During my postdoctoral work, I broadened my perspective on learning through collaborative work I have been engaged in with the physics education research group at the University of Bologna, led by Dr. Olivia Levrini (where I was a visiting scholar in the fall semester, 2012). We initiated a collaborative project concerned with the analysis of classroom discourse that fosters productive disciplinary engagement (Engle & Conant, 2002) and what we have termed appropriation (Levrini et al, 2015), building up Bakhtin and Rogoff, in order to capture the process by which students make the content they are learning (in this case, thermodynamics) their own. The operational discourse markers for this broader kind of learning (appropriation) are linked to students’ affect and identity, as well as to their conceptual understanding. A practical impetus for this work is the drive to increase access to STEM fields through designing curriculum materials and classroom interactions that engender a deeply personal relationship to and understanding of the specifics of disciplinary content. Our piece in the Journal of the Learning Sciences operationalizes the construct of appropriation for science learning. We have written about the nexus of identity and conceptual change Amin & Levrini's Converging Perspectives on Conceptual Change: Mapping an Emerging Paradigm. Together with Olivia Levrini and Jim Greeno, I was also the section editor for the section on Identity and Conceptual Change.

Personal:

During graduate school, I spent two years in Pisa, Italy with my husband Aaron, a postdoctoral fellow at the "Ennio De Giorgi" mathematics research center. We moved back to the states summer 2009. In 2009-10, I was based in Berkeley and Aaron spent a year as a member of the Institute for Advanced Study in Princeton, NJ. I finished my PhD at Berkeley in December, 2011 and began a postdoctoral research position in the Program in Mathematics Education (PRIME) at Michigan State University. In August, 2015, I began my current position as an assistant professor of mathematics education in the Department of Mathematics at Western Michigan University.
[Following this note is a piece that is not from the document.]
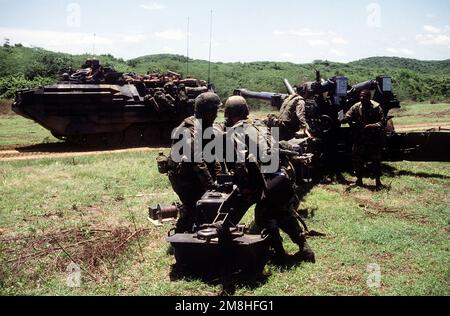 Mitglieder von Btry. R, 5. Mrd., 10. Marine Regt., positionieren Sie die Pfade eines M-198 155mm-Haubitzers, während Sie eine Artillerieposition während der gemeinsamen Serviceübung Ocean Venture '93 einrichten. Ein AAVP-7A1-Amphibienfahrzeug kommt im Hintergrund vorbei. Betrifft Operation/Serie: OCEAN VENTURE '93 Basis: Vieques Island Staat: Puerto Rico (PR) Land: Vereinigte Staaten von Amerika (USA) Stockfoto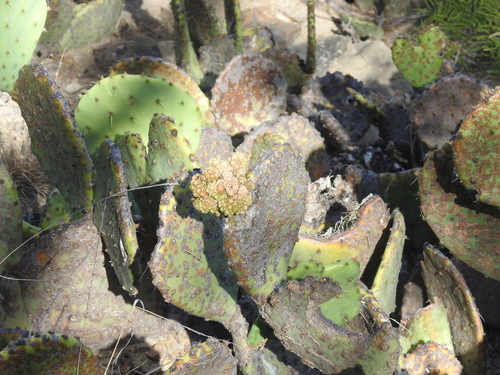 Opuntia orbiculata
I am a serious violinist who enjoys participating in chamber music workshops and festivals and preparing community recitals and concerts. During my time in Berkeley, I was the concertmaster of the Prometheus Symphony Orchestra and also performed with the Kensington Symphony and the Berkeley Community Chorus and Orchestra. When I graduated from Berkeley, I gave a recital to raise funds for pancreatic research in the name of one of my graduate school mentors. Randi Engle (Raise the Cure for Randi).